[Short web captions]

+--

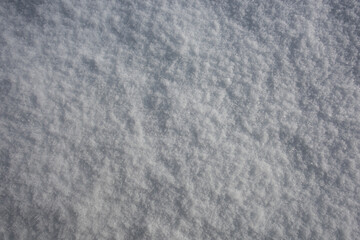 Fototapeta premium Snow background, snow texture. Top view of the snow. Winter texture for design.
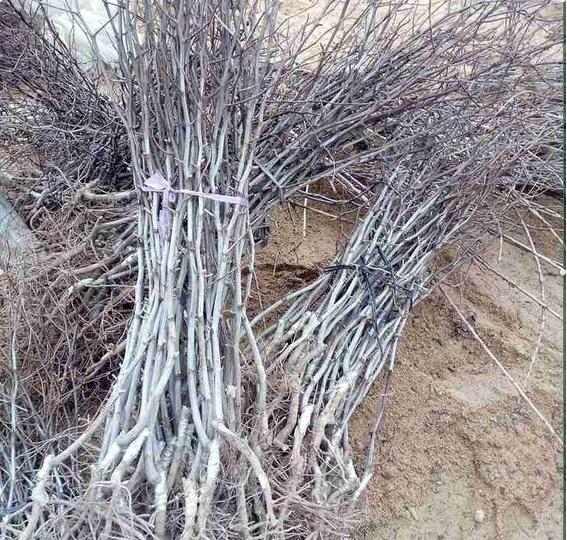 甘肃景泰红枣树苗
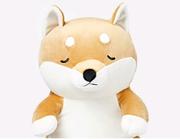 SOBER的个人资料头像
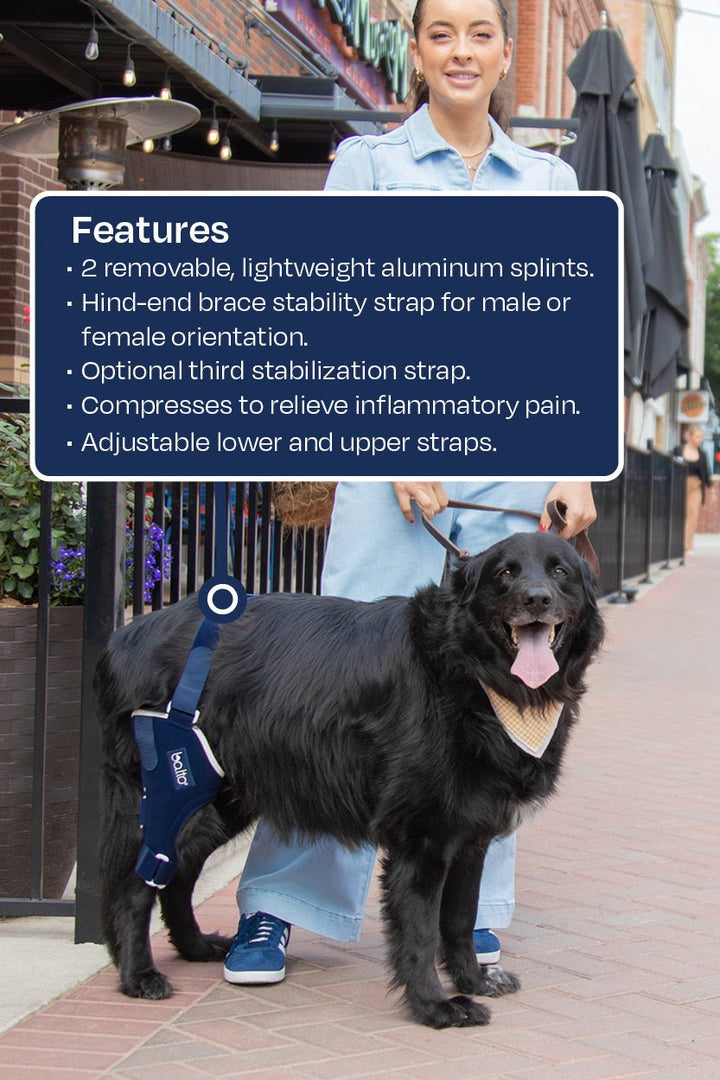 balto jump infographic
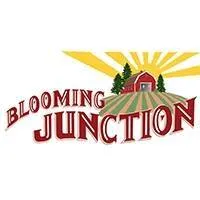 bloomingjunction.com's icon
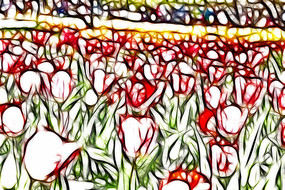 ���������㻨��������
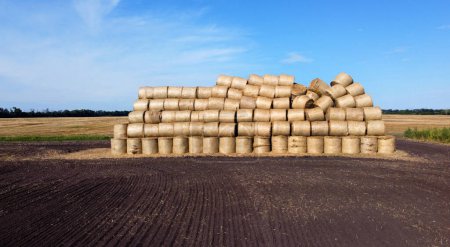Many bales of rolls of dry straw after wheat harvest on field. Bales in form of rolls of yellow dried twisted straw collected together. Pressed straw. Stacking baling straw. Stacks Skirdy briquettes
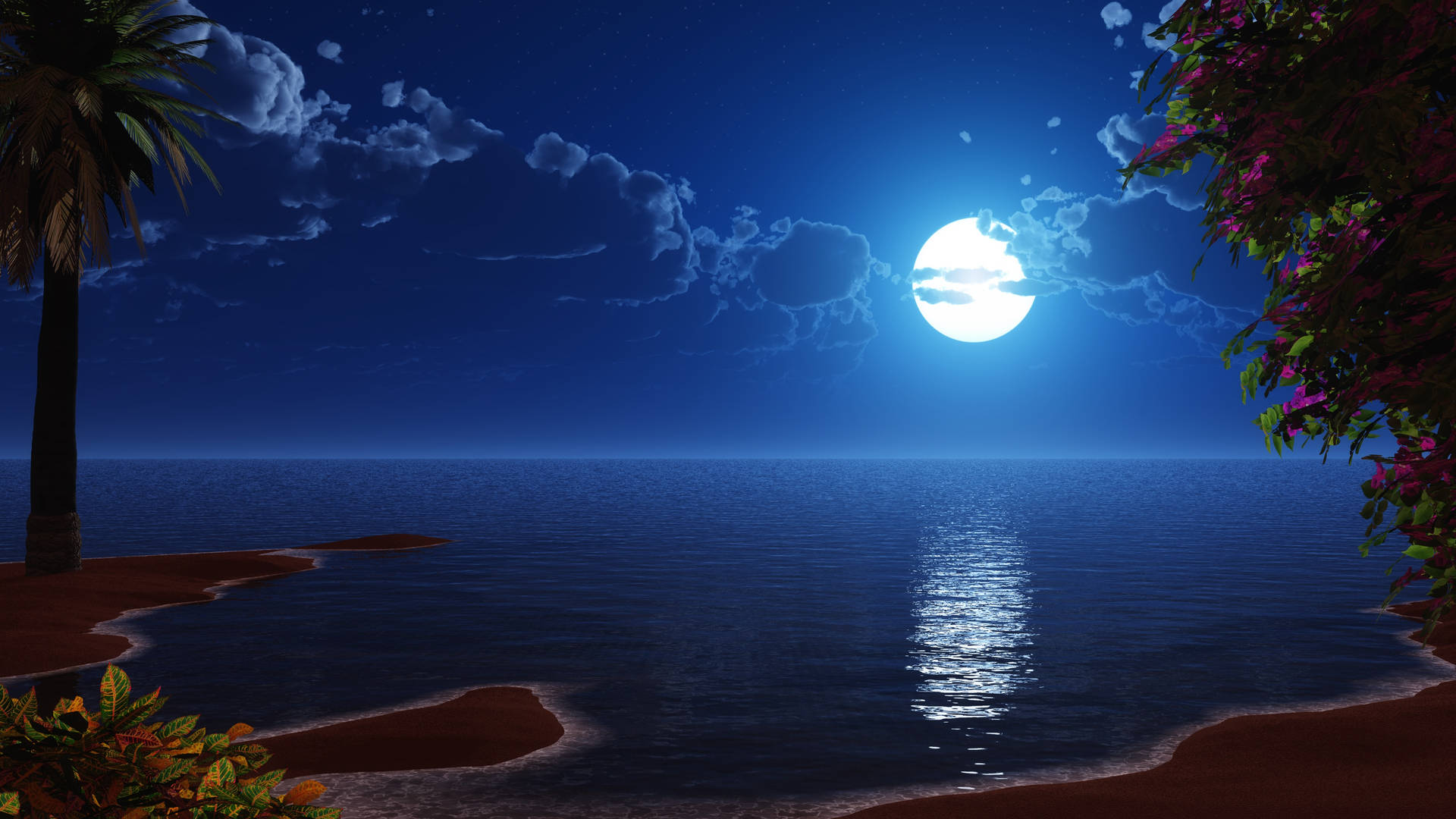 Full Moon Ocean Beach Night Background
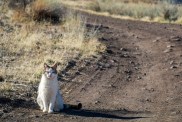 There are these funny little birds in my neighborhood, and I thought I'd try and snap some photos of them with the Zuiko 50mm 1.4 that my brother-in-law gave me, but the neighbor's cat decided to come on a walk with me, so that didn't go as planned. :)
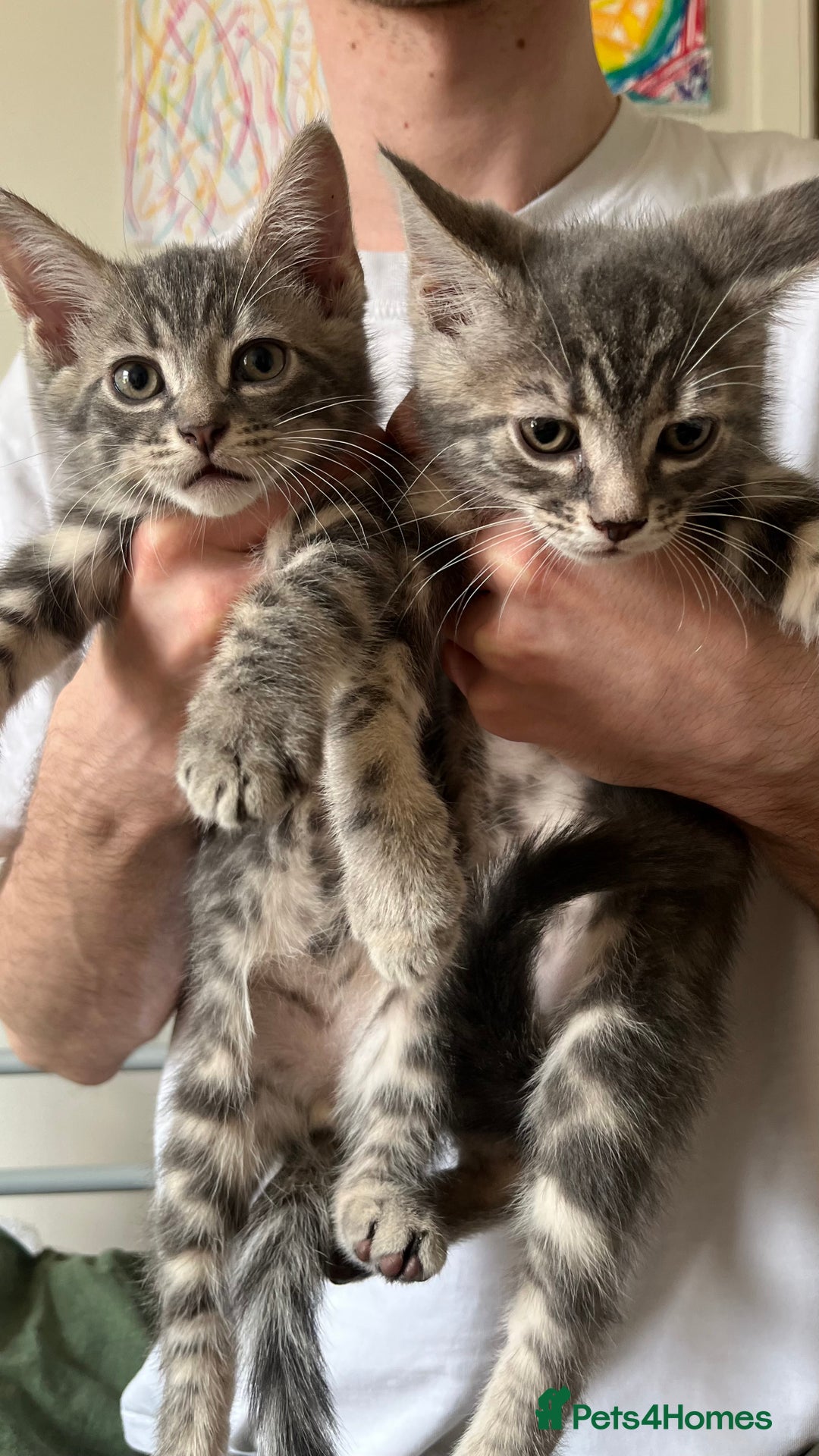 British Shorthair cats for sale: Beautiful Mum and babies looking for a new home❤️ - Image 8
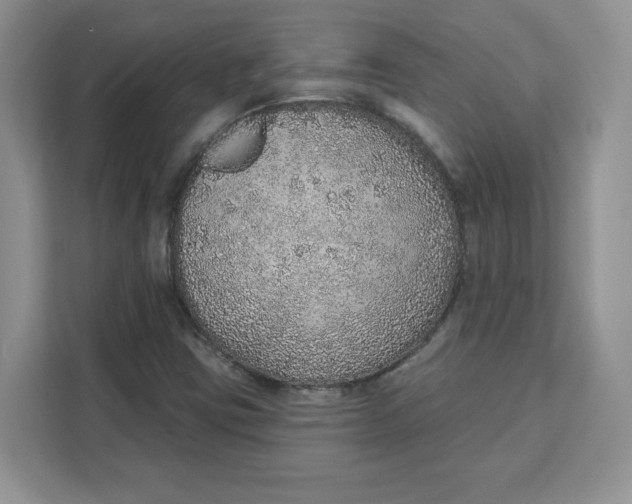 X0000111131403200907141201
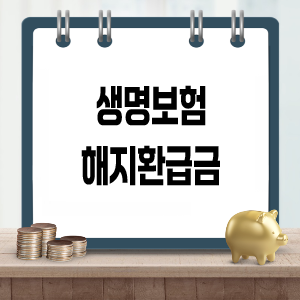 생명보험 해지환급금 완전 이해
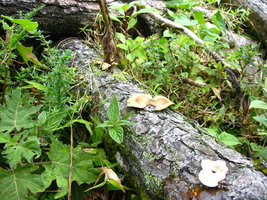 aimg.photobucket.com_albums_v153_tatuih_IMG_0446.jpg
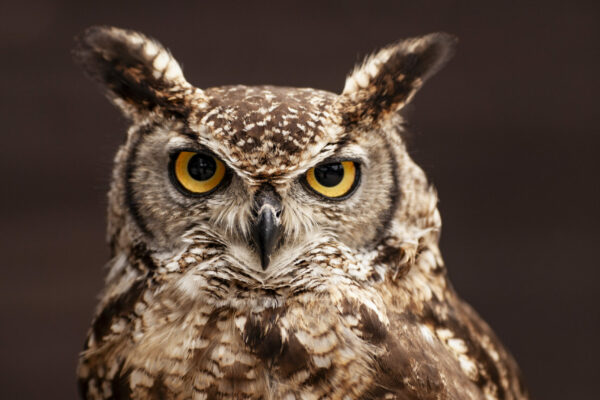 Eagle Owl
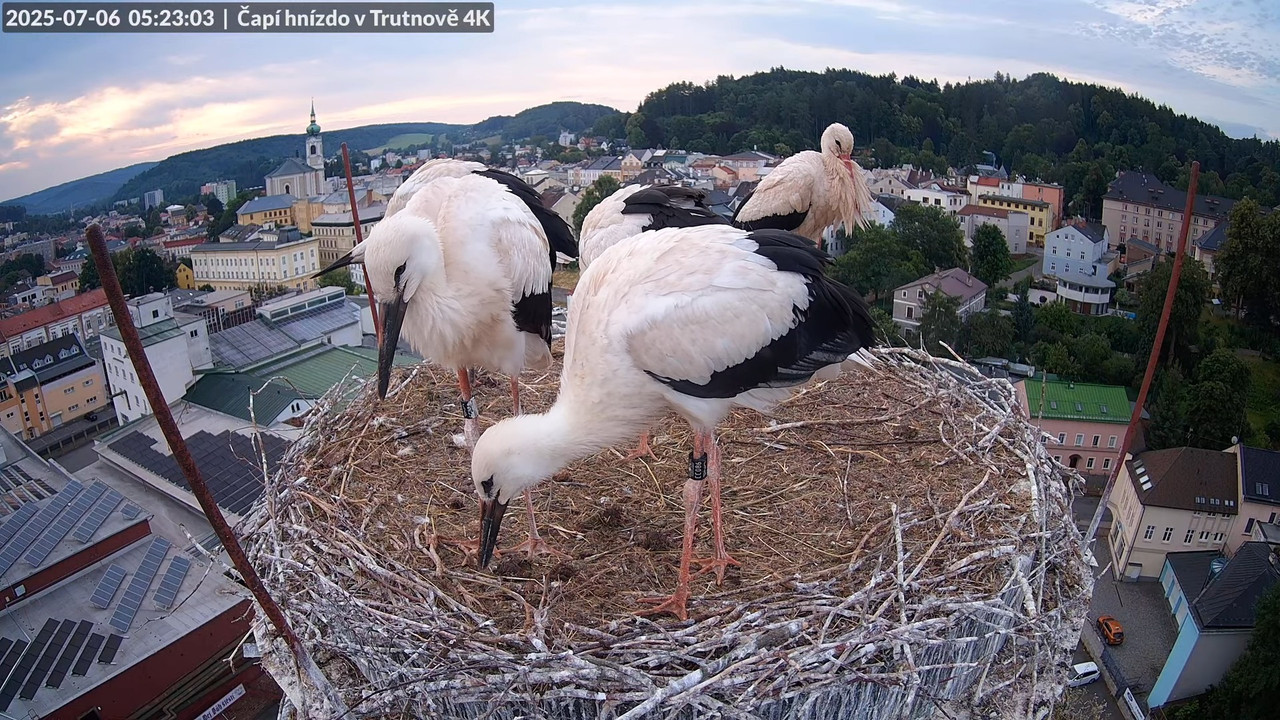 Tiešraide no stārķa ligzdas uz alus darītavas skursteņa Trutnovā 7-21-22 screenshot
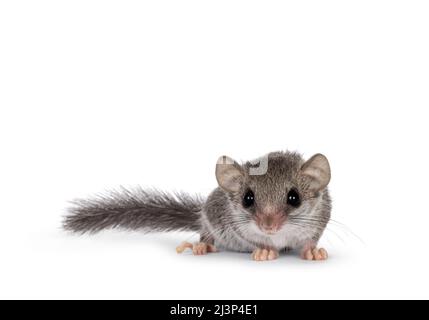 Carino piccolo dormouse africano aka Graphiurus murinus, in piedi di fronte. Guardando dritto nell'obiettivo che mostra entrambi gli occhi, isolato su uno sfondo bianco Foto Stock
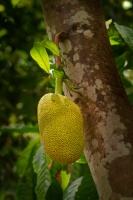 Chlebovnik ruznolisty - Artocarpus heterophyllus - Jackfruit 4137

+--

What this task involves:
The task calls for repeating each line above exactly while excluding the pictures.

Solution to this problem:
 Fototapeta premium Snow background, snow texture. Top view of the snow. Winter texture for design.
 甘肃景泰红枣树苗
 SOBER的个人资料头像
 balto jump infographic
 bloomingjunction.com's icon
 ���������㻨��������
Many bales of rolls of dry straw after wheat harvest on field. Bales in form of rolls of yellow dried twisted straw collected together. Pressed straw. Stacking baling straw. Stacks Skirdy briquettes
 Full Moon Ocean Beach Night Background
 There are these funny little birds in my neighborhood, and I thought I'd try and snap some photos of them with the Zuiko 50mm 1.4 that my brother-in-law gave me, but the neighbor's cat decided to come on a walk with me, so that didn't go as planned. :)
 British Shorthair cats for sale: Beautiful Mum and babies looking for a new home❤️ - Image 8
 X0000111131403200907141201
 생명보험 해지환급금 완전 이해
 aimg.photobucket.com_albums_v153_tatuih_IMG_0446.jpg
 Eagle Owl
 Tiešraide no stārķa ligzdas uz alus darītavas skursteņa Trutnovā 7-21-22 screenshot
 Carino piccolo dormouse africano aka Graphiurus murinus, in piedi di fronte. Guardando dritto nell'obiettivo che mostra entrambi gli occhi, isolato su uno sfondo bianco Foto Stock
 Chlebovnik ruznolisty - Artocarpus heterophyllus - Jackfruit 4137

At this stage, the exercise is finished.